Am kommenden Freitag werden Lachaert und SP.A-Chef Rousseau dem König über den Stand der Verhandlungen berichten. Ziel ist es nach wie vor, bis zum 17. September eine Lösung zu erzielen. An diesem Tag läuft das Corona-bedingte Sondermandat der aktuellen Regierung unter Premierministerin Sophie Wilmès (MR) aus. Als mögliche Regierungschefs der avisierten Koalitionsregierung werden derzeit Justizminister Koen Geens (CD&V), der PS-Parteivorsitzende Paul Magnette sowie Finanzminister Alexander De Croo (Open VLD) gehandelt.

N-VA-Parteichef De Wever sprach von einem „Drama für Flandern“: Die neue Föderalregierung wird durch französischsprachige Parteien dominiert und spiegelt in keiner Weise das Wahlergebnis in Flandern widers. Das Wahlergebnis wird vollkommen auf den Kopf gestellt“, wurde De Wever in belgischen Medien zitiert.
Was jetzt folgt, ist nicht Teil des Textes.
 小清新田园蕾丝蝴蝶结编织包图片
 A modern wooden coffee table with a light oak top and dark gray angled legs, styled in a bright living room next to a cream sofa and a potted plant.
Tatsächlich stellen die voraussichtlichen vier flämischen Regierungsparteien 42 von 89 Abgeordneten aus dem Nordteil des Landes: Open VLD und CD&V jeweils 12, SP.A und Groen jeweils 9. Sollte die geplante Koalition zustandekommen, wäre das Verhältnis zwischen beiden Landesteilen mit 45 französisch- und 42 niederländischsprachigen Abgeordneten nahezu ausgewogen. De Wever wird sich mit seiner Partei auf flämischer Seite dann gemeinsam mit dem rechtsradikalen Vlaams Belang und der linkspopulistischen PVDA auf den Oppositionsbänken wiederfinden.